**PROBLEM DETAILS:**
Transcribe the data exactly, pictures excluded.

**RAW DATA:**
■ ■ ■ ■ ■

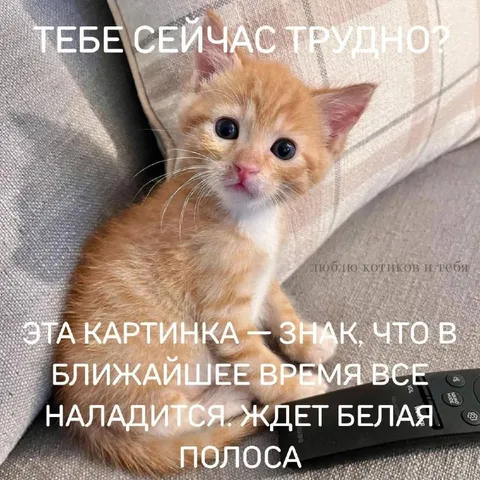Рыжий котик обещает белую полосу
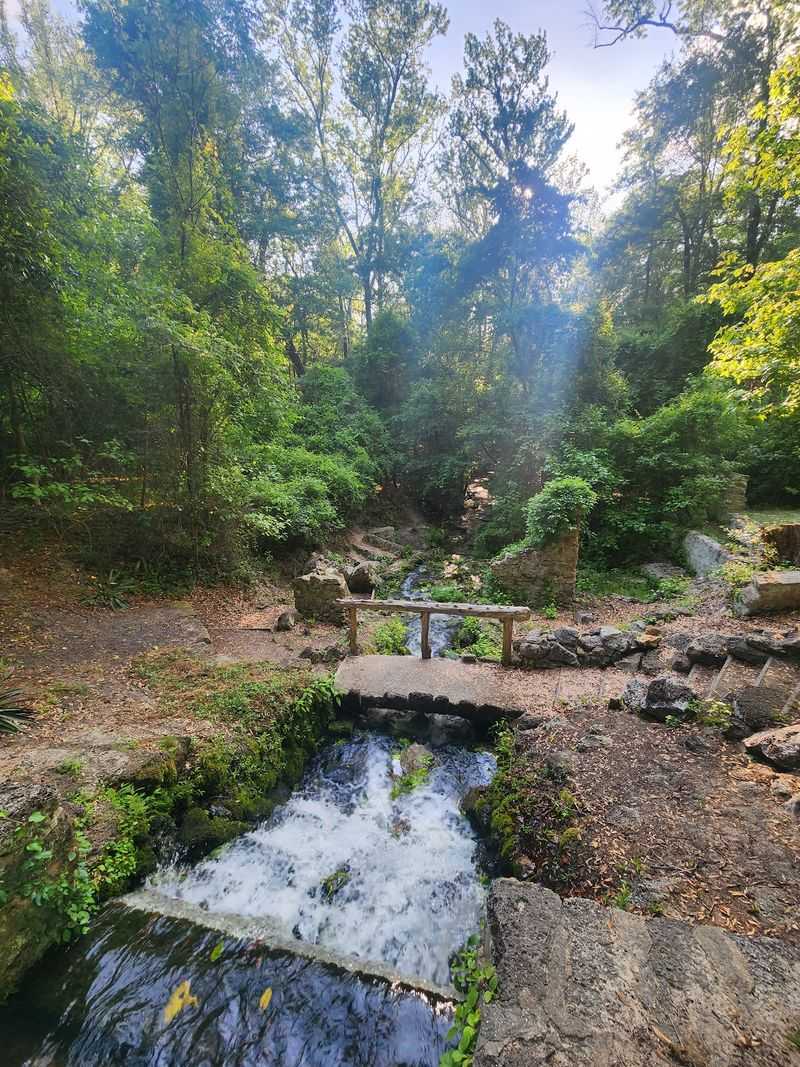 Poinsett State Park Nature Trail, Wedgefield, Sumter County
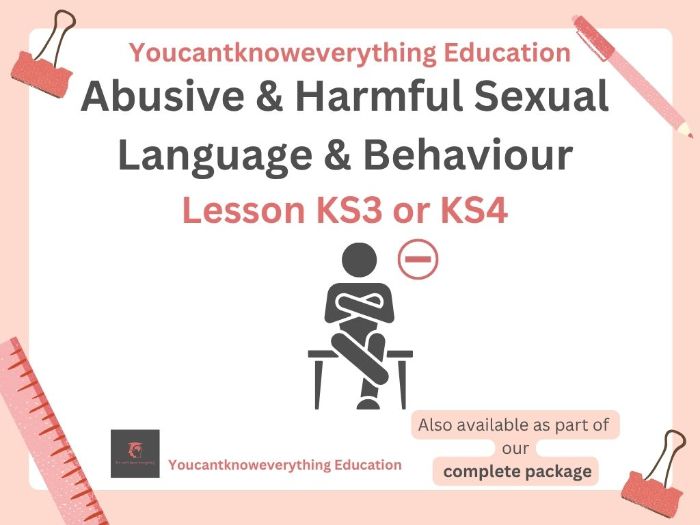 Harmful Sexual Language & Behaviour KS3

■ ■ ■ ■ ■

**RESPONSE TO THIS EXERCISE:**
Рыжий котик обещает белую полосу
 Poinsett State Park Nature Trail, Wedgefield, Sumter County
 Harmful Sexual Language & Behaviour KS3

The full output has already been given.